Em tempos de pós-verdade, essa palavra recentemente tatuada na língua da opinião pública para definir um tipo sofisticado de mentira que existe de priscas eras, é preciso tomar todo cuidado do mundo para não embarcarmos em furadíssimas canoas, em miragens construídas pelo discurso.
Ao contrário do que talvez possa parecer, em muitas situações do cotidiano é tarefa das mais difíceis não se deixar iludir. Aliás, é muito mais confortável entregar-se às aparências dos significados do que seguir o conselho de Drummond (“penetra surdamente no reino das palavras”). Não é como, por exemplo, transpor a rua apenas quando temos a gritante certeza de não haver perigo, conforme ensinamentos de nossos pais. A complexidade é maior. Não raro, a ameaça é invisível: nem bem atravessamos a avenida e a mentira nos atropela em cheio com seu disfarce de verdade inofensiva. E novamente precisamos prestar atenção no gauche de Itabira: “Lutar com palavras / é a luta mais vã. / Entanto lutamos / mal rompe a manhã”.
Vivemos onde? Essa pergunta, em que o advérbio de lugar representa mais que espaço geográfico, pode parecer desconjuntada, mas também isso faz parte do mundo do disfarce, da aparência: quantas vezes arregalamos boca e olhos ante um acontecimento que nos figurava completamente impossível, considerando o bom senso, a civilidade e outros valores tidos como pétreos na convivência social?

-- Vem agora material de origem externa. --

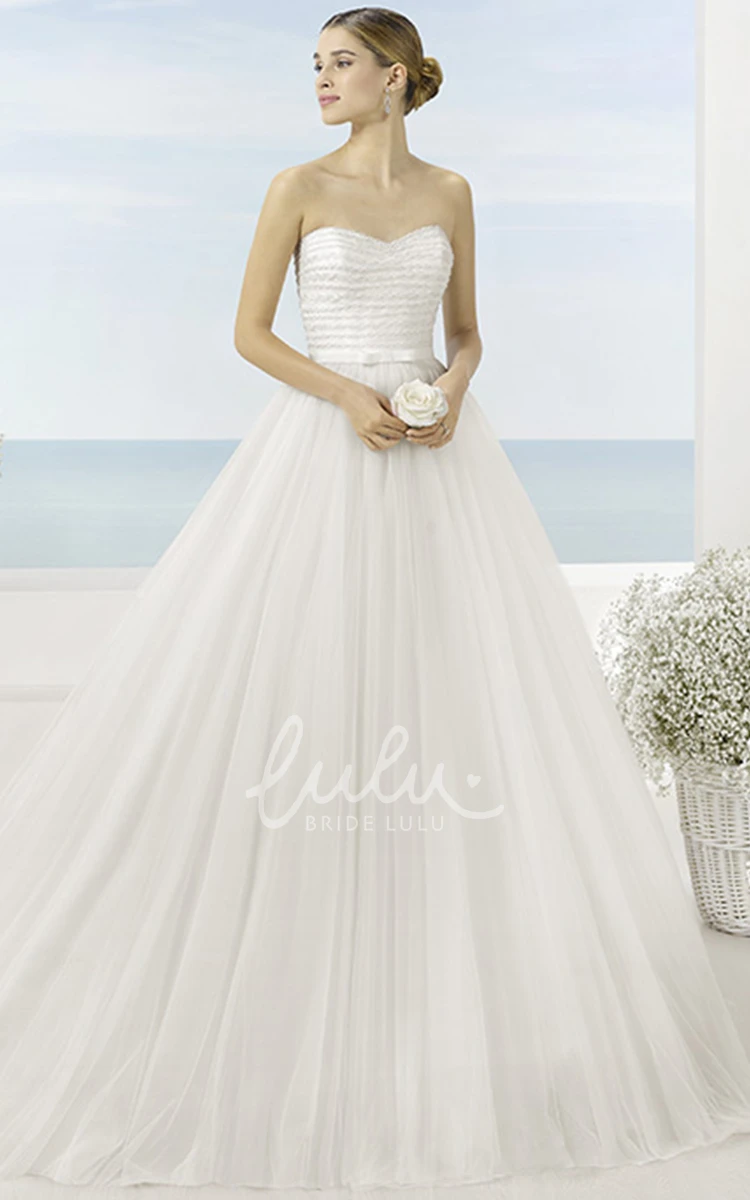 Ball Gown Strapless Tulle Wedding Dress with Beading and Court Train Elegant Bridal Dress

O insólito, que por sua natureza se imiscuía apenas eventualmente em nossa vida, tomou conta de todas as extensões do cotidiano, inclusive de sua principal dimensão, a política, e muitas vezes faltam palavras efetivas o bastante para expor essa estranheza. “Pós-verdade” é um desses casos, uma espécie de “não-palavra”, um nome inventado para desdizer, na verdade. Um vocábulo com ares científicos para a conhecida fofoca, mas, diferente dela, uma narrativa cujos elementos (personagem, enredo etc.) estão mais bem amarrados, com poucos fios desencapados. E isso se dá porque ela se constrói alicerçada em mitologias de classe, em preconceitos.
Seria tão diferente assim essa fofoca pós-moderna, a ponto de merecer novo vocábulo para defini-la, ou apenas roupagem elegante vestindo um cadáver antigo, de modo que ele não pareça finado? Desde sempre vivemos num mundo que, mesmo sendo um código em parte intraduzível, se pretende traduzir pelas palavras. No entanto, hoje, paridas de estranhos ventres, há palavras que não significam de fato, são simulacros que agem no sentido de esvaziar sentidos. Vivemos dias ocos.

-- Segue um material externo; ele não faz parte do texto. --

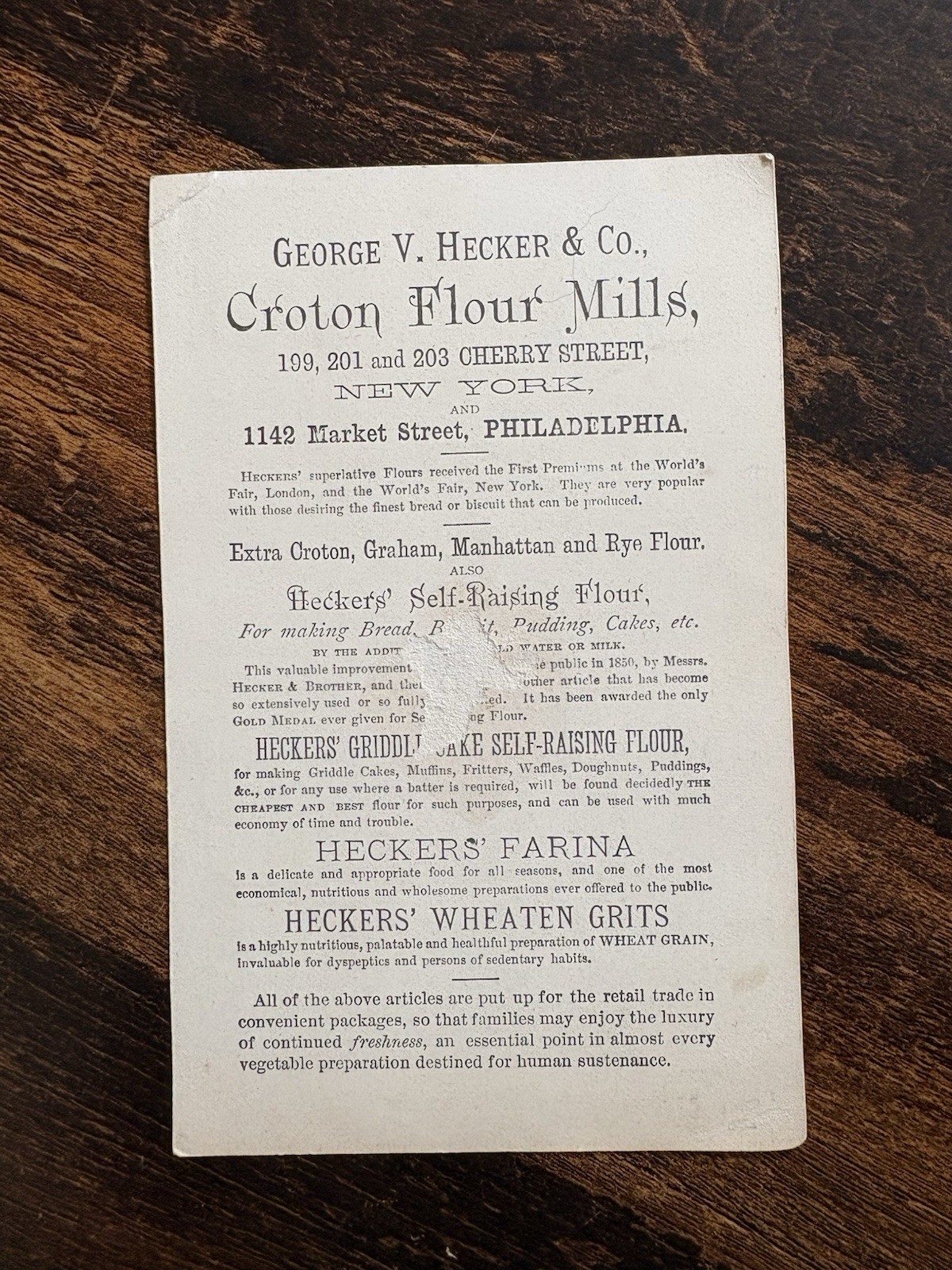 Circa 1880s George Hecker Croton Flour Mills Factory Scene Trade Card, New York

Considerando que a ficção social fincou suas bandeiras nos corações de hoje, menospreza o factual e o empírico, faz com que em larga medida vivamos irrealidades, temo esse processo avance e passemos de desnecessárias palavras que designam o já designado para, por exemplo, o uso cotidiano do gromelô, uma língua criada na ficção e muito usada no teatro. Caracteriza-se pelo uso de palavras inexistentes, porém pronunciadas com musicalidade similar a determinado idioma. O “significado” se dá pela entonação e pelos gestos, mas a rigor as “palavras” nada significam. Máscaras mútuas: de um lado, o fingimento de dizer algo que faça sentido; de outro, o fingimento de entender. Ou seja, a aplicação da novilíngua de George Orwell em “1984”, ficção cada dia mais concreta.

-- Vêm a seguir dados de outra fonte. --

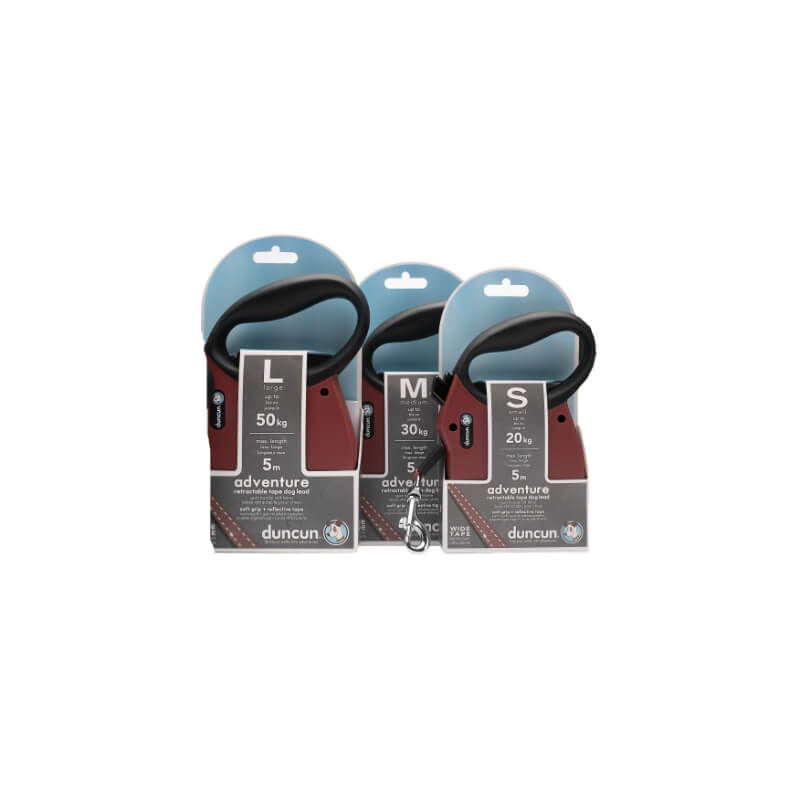 Duncun avtomatski povodec Adventure s trakom, rdeč - različne velikosti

Passageiros diários de tantas canoas esburacadas, talvez não haja mais porto seguro possível e tenhamos que conviver com uma degradação contínua e crescente da comunicação interpessoal. As palavras, elas estão se multiplicando em quantidade e em lacuna. Bem pós-moderna essa contradição. E mais uma vez Drummond se faz importante nesses tempos avessos: “ermas de melodia e conceito / elas se refugiaram na noite, as palavras. / Ainda úmidas e impregnadas de sono, / rolam num rio difícil e se transformam em desprezo”.
Evelyn,
Muito obrigado pelas considerações.
Acerca do que você comenta sobre a língua, acho importante comentar que a NORMA PADRÃO gera duas variantes, a NORMA CULTA e a NORMA POPULAR. A padrão é a língua modelo, um tanto irreal, não integralmente praticada pelos falantes; a culta é a padrão que sofreu algumas alterações e é falada e escrita por pessoas bem escolarizadas. Não é a mesma padrão. O uso do “a gente” no sentido de “nós” e do “você” como pronome pessoal são exemplos. Na norma popular as variações são bem maiores, com fortes mudança sintáticas e inclusão de muitas gírias. É considerado um “falar errado” por ser oriunda da classe social baixa, quando na verdade a culta também trás “desobediências” à norma padrão. Assim, o que afastaria as pessoas do uso “correto” da língua seria a norma padrão.
E de fato isso acontece. Não fosse assim, não haveria a culta, que é resultado da necessidade de adaptar a língua engessada que nos veio da Europa ao falar brasileiro.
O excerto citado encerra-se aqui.